### Dataset extract
● ● ●
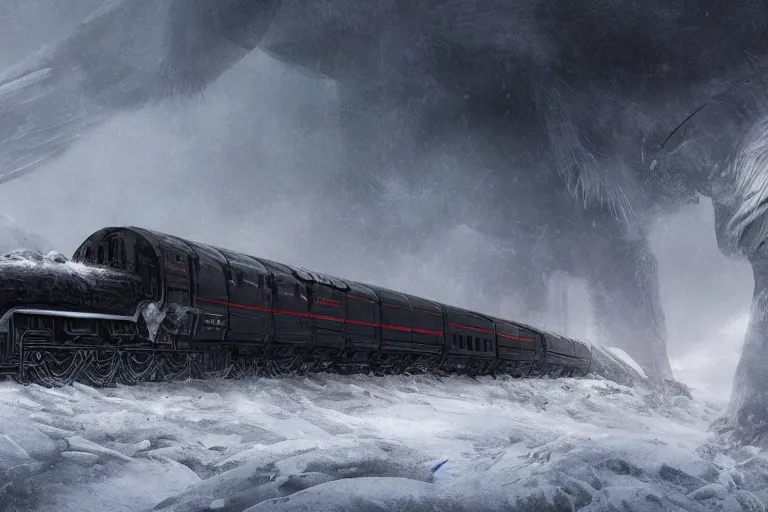 Image similar to a grand intricate futuristic black steam train next to a giant mammoth, post - apocalyptic ice landscape in snowstorm, concept art, artstation, highly detailed, digital art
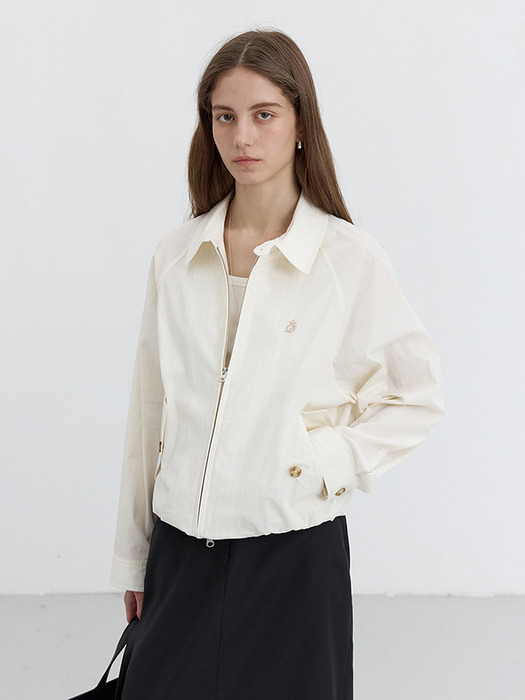 UNISEX SUMMER HARRINGTON JACKET CREAM STRIPE_UDJU5B122CR - Image 2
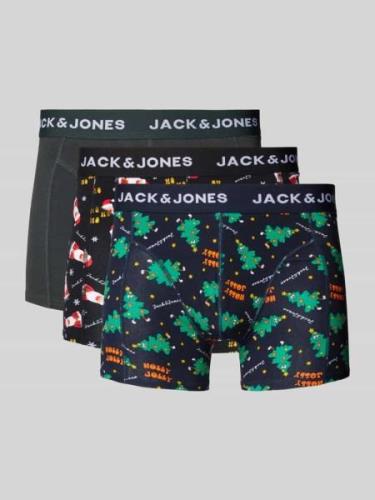 Jack & Jones Trunks mit elastischem Logo-Bund Modell 'HOLLY' im 3er-Pa...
● ● ●
### What is being asked
Transcribe all of the data above verbatim but omit every picture.

### Response box
 Image similar to a grand intricate futuristic black steam train next to a giant mammoth, post - apocalyptic ice landscape in snowstorm, concept art, artstation, highly detailed, digital art
 UNISEX SUMMER HARRINGTON JACKET CREAM STRIPE_UDJU5B122CR - Image 2
 Jack & Jones Trunks mit elastischem Logo-Bund Modell 'HOLLY' im 3er-Pa...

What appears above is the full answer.